How often do you go birding in a year? How many species do you see each month? In an entire year? Keep track of all this and more by using eBird to record your birding trips and sightings. Take the eBirding Challenge to keep track of your own sightings and help document India’s birds at the same time! Here are all updates on these challenges.
DETAILS
The Bird Count India partnership started a monthly series of eBirding Challenges on 1 April 2014. In 2015, we also started a yearlong set of challenges. The purpose of this series is to encourage each of us to keep track of the birds we see, and to do so as frequently as possible. Why is this important? Despite the expanding interest in birding and bird photography in India, relatively little is known about the distribution and abundance of our bird species. By keeping a regular eye out, we can all help better document the status and changes of our birds. But it’s also great fun!
These birding challenges are run through the online bird listing platform eBird, and are meant to supplement annual birding events like the Great Backyard Bird Count. Every month, there will be a goal or target to meet. These goals are framed, not in terms of species, but in terms of lists. When you upload a complete list of species from a birding session, you have not only specified what species you did see, but also what species you didn’t. Aggregated across many birders, in different locations and seasons, these lists are invaluable to understand bird distributions, movements and populations.

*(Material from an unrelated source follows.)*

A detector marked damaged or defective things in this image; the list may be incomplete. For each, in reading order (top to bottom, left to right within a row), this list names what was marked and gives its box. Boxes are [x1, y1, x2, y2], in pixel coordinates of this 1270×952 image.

For examples, see the distribution map for Rosy Starling, or the seasonality chart for the same species. These maps and charts for Indian species are incomplete, because they are based on very little information — let’s try and fill in the gaps!
What lists count?
To count towards this challenge, your lists should be complete (ie, you report all species you have been able to identify), they should be effort-based lists (eg, ‘Travelling’ or ‘Stationary’, not ‘Incidental’), and should be based on a birding session of at least 15 min. If you are unfamiliar with some of these terms, please take a look at our Beginner’s Guide to eBird first.
IMPORTANT!
All birding challenges of this nature operate on a grounding of trust and complete honesty. Your lists, as well as the accompanying details, are taken to be correct to the best of your knowledge. Please don’t be tempted to mark an incomplete list as complete, or in any other way compromise the integrity of the information you upload. Doing so does a disservice to yourself and the entire birding community, as also to the birds we all love and enjoy. Thank you!
Header Image: Heart-spotted Woodpecker by Martjan Lammertink/ Macaulay Library
Lovely tentative
Good news…
The Game is ON…..
Its great
I shall have to get together a team as it is not safe to go out birding alone.
Hope to make it happen.
For ebirding challenge will I have to resister here…?

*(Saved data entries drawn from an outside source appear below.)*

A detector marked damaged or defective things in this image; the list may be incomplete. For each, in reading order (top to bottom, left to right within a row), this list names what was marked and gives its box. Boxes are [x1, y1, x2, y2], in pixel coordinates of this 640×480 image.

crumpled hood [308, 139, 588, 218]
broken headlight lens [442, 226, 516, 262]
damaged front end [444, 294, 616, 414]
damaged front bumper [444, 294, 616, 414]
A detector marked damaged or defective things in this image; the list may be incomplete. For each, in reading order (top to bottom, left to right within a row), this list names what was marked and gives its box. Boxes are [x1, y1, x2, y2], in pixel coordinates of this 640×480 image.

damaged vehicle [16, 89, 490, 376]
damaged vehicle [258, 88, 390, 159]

Not at all! Just register to use ebird.org and upload your lists there. At the end of each month we will count up the lists from each participant and announce the results.
Good…keep counting…
I m happy to join ebird
Thank you! Please see an outline here
https://birdcount.in/ebird/
where there is a link to an introductory guide.
happy join ebird.
Hi,
I’m a birder monitoring the rock chat movement for the past few years. An observation – I used to live in Shankar Vihar, an armed forces residential enclave near the Aravalli biodiversity park. While I could see the presence of the rock chat there during the years 2005 – 2008 frequently, the moment additional development started there with vast areas taken up for construction, I found the rock chat status changing from frequent sighting to rare to almost non existent now – ( the metro has also invaded the area now). But now living in Dwarka, with rampant ongoing construction surrounding my apartment plus the arterial road and traffic, yet, I found the rock chat frolicking around in full glory, lovely and varied song and display of territorial instincts. Well, happiness does come in small packages! Are there any theories for these occurrences? While Shankar Vihar still boasts of dwindling vast areas of wilderness, Dwarka is thoroughly urbanised and finding the Rock chat presence amidst concrete waste and debris is amazing.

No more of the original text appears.